Simone "AKirA" Trimarchi, l'esperto televisivo di Gamerland, ci racconta la sua esperienza con Year Walk, gioco indipendente svedese di Simogo, che tocca vette artistiche mai raggiunte su iPad e iPhone

Scrivere la recensione della nuova fatica di Simogo, Year Walk, uscita circa un mese fa su App Store (ESSENZIALE giocarla su iPad, plz: non usate schermi più piccoli) è una “fatica” anche per me. Perché purtroppo so già in partenza che non riuscirò a condensare in parole ciò che ho visto, ciò che ho provato ciò che ho giocato. Year Walk è un odissea di sensazioni diverse: alcune sono fisiche e appartengono a media più tradizionali del videogioco. Sono la paura, l’emozione, la commozione. Altre invece appartengono al comparto meramente videoludico del gioco e fondamentalmente si riassumono in un “oh” di stupore. “Davvero si può usare un iPad in questo modo?”
Si, davvero. Ed è qualcosa che non avete mai visto prima e probabilmente non vedrete per un bel pezzo.

In un certo senso questa recensione può essere assimilata a quella di Superbrothers Sword & Sworcery, un viaggio geniale, che guarda caso scrissi l’11 Aprile del 2012, quindi quasi un anno fa. Quasi incredibile. Se avessi aspettato 3 giorni per scrivere questo pezzo avrei davvero gridato al miracolo. Due artisti (posso usare questa parola per Simogo e Capybara games?) molto simili fanno uscire due giochi, entrambi sui toni del bianco e nero, in periodi simili ed entrambi colpiscono la mia attenzione per un motivo o per un altro e alla fine arrivo a scriverne sul mio blog.
Ripeto, praticamente miracoloso

Year Walk è un avventura grafica che racconta una storia dalle forti tinte horror. E’ un prodotto che, assolutamente, giocato in cuffia da soli nel buio della propria stanza, fa prendere degli infarti mica da ridere.
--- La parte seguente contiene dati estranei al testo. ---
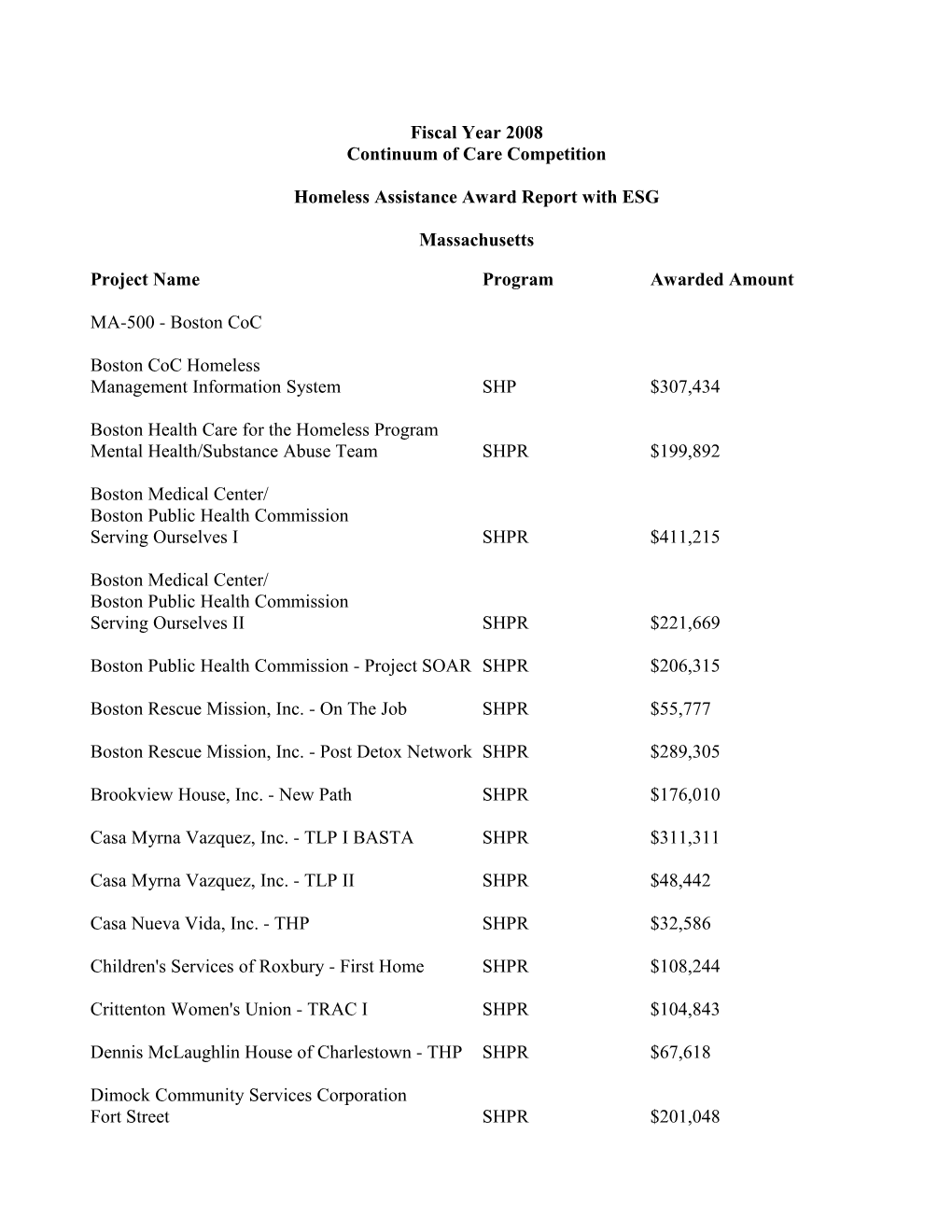 Homeless Assistance Award Report with ESG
Uomo avvisato, mezzo salvato.
Descritto così, non potreste minimamente capirne il fascino o la genialità.
Il gioco di Simogo è pensato, pixel per pixel, per il device su cui gira, non ha nessuna concessione a metodi di controllo più conosciuti dai videogiocatori: non è un “punta e clikka” ma un “swipe & touch” (strofina e tocca).

Gli enigmi da risolvere, così come la semplice esplorazione del labirintico scenario, usufruiscono quindi di un design originalissimo che permette al gioco di farsi notare sin da subito, sin dai primi minuti. Proseguendo con la trama si scopriranno numerose chicche: la prima che mi viene in mente è un uso del multitouch veramente mai sperimentato; la seconda è, stresso il concetto scusatemi, un voler far ragionare il giocatore in maniera laterale. Solamente abbandonando i limiti che ci siamo imposti nell’utilizzo dell’iPad potremo riuscire a capire dove si nasconde quel particolare “oggetto” che ci serve per andare avanti. Questo, a mio avviso, è stupefacente e sarebbe sufficiente a fare di Year Walk un capolavoro. Corto e difficilissimo, due difetti che comunque non minerebbero il voto finale.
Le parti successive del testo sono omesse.